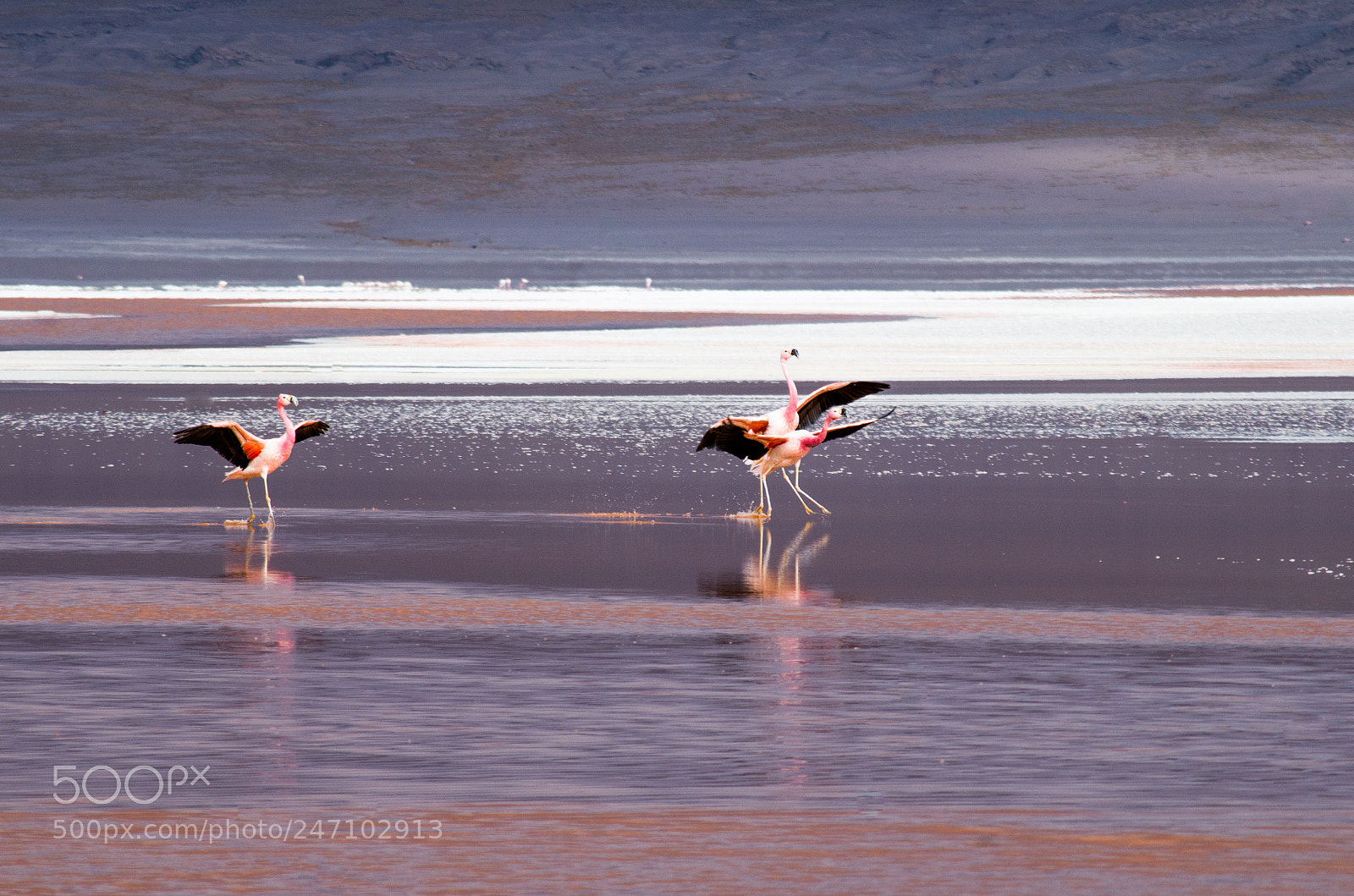 Pentax K-50 sample photo. Flamingo's photography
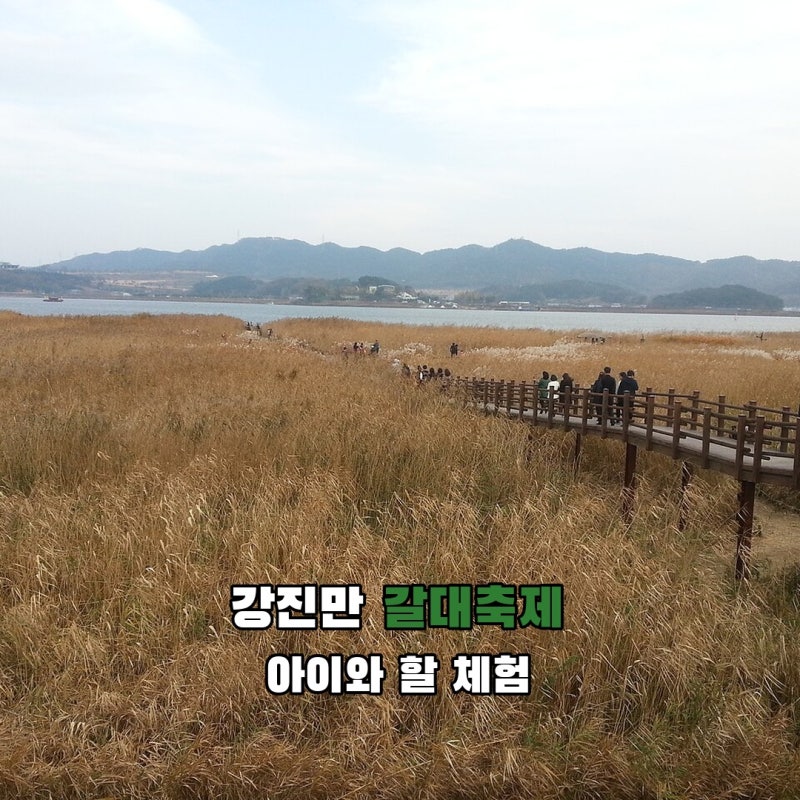 강진만 춤추는 갈대축제 2026, 아이와 가면 어떤 체험부터 볼까?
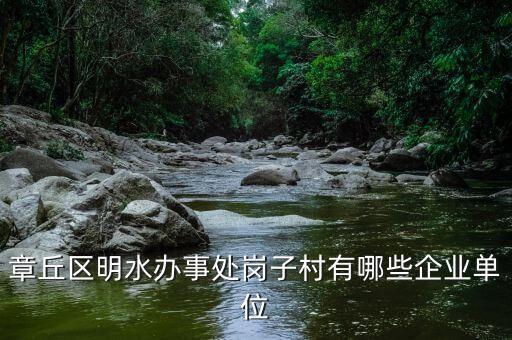 章丘區(qū)明水辦事處崗子村有哪些企業(yè)單位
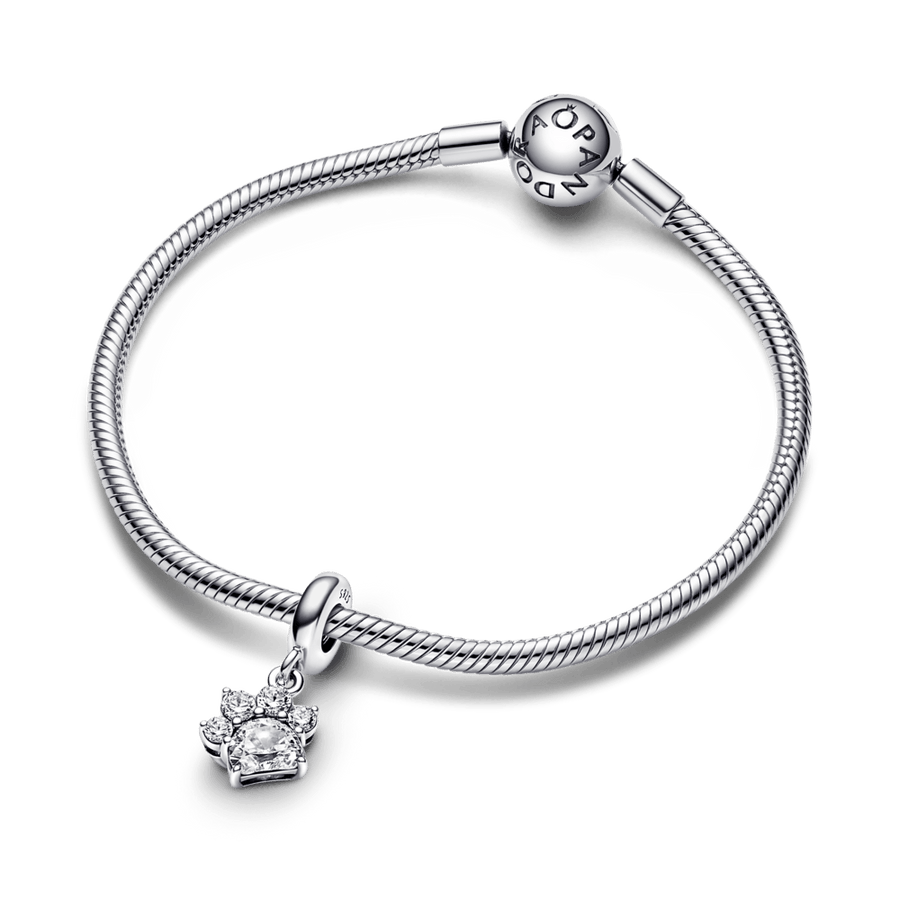Mirdzošs piekarināmais mīļdzīvnieka ķepas nospieduma amulets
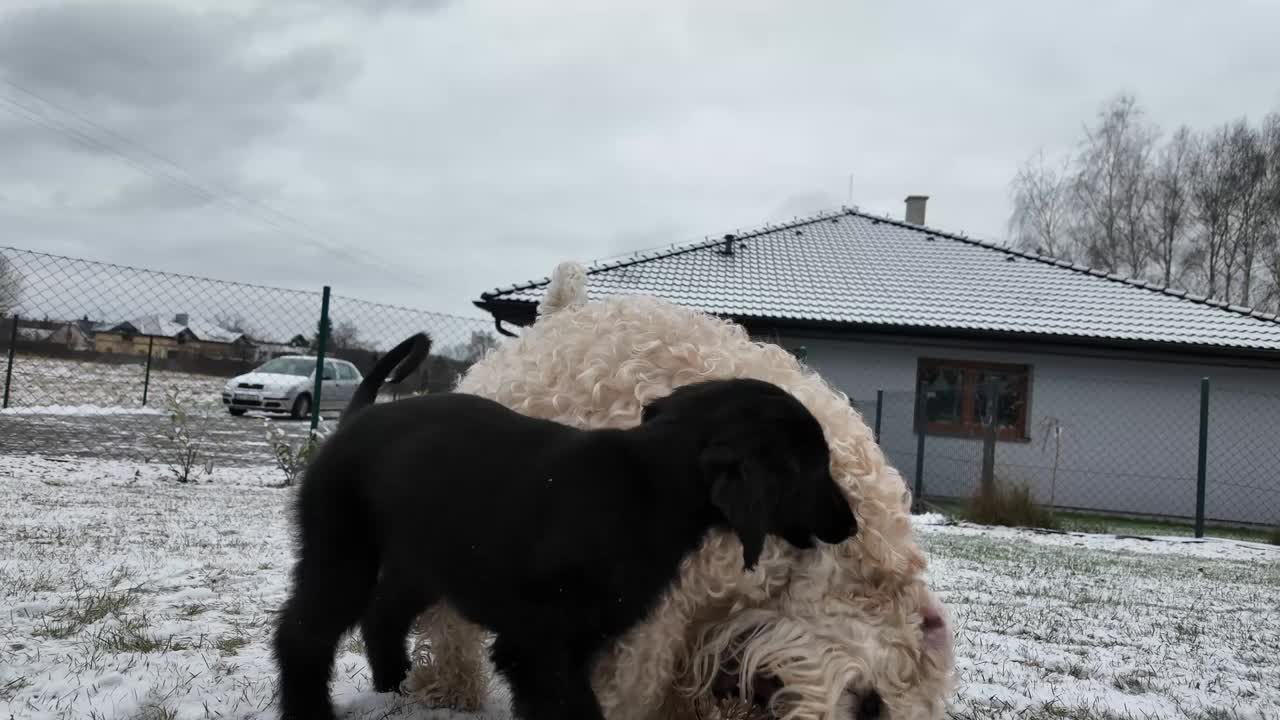 Černobílá štěňata si hrají, perou se a honí venku v mrazivém počasí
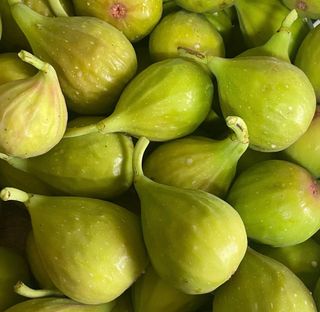 일심묘목농원님의 작성글 사진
_ _ _ _
Although the records contain pictures, only their text should be repeated, exactly as it appears.

 Pentax K-50 sample photo. Flamingo's photography
 강진만 춤추는 갈대축제 2026, 아이와 가면 어떤 체험부터 볼까?
 章丘區(qū)明水辦事處崗子村有哪些企業(yè)單位
Mirdzošs piekarināmais mīļdzīvnieka ķepas nospieduma amulets
 Černobílá štěňata si hrají, perou se a honí venku v mrazivém počasí
 일심묘목농원님의 작성글 사진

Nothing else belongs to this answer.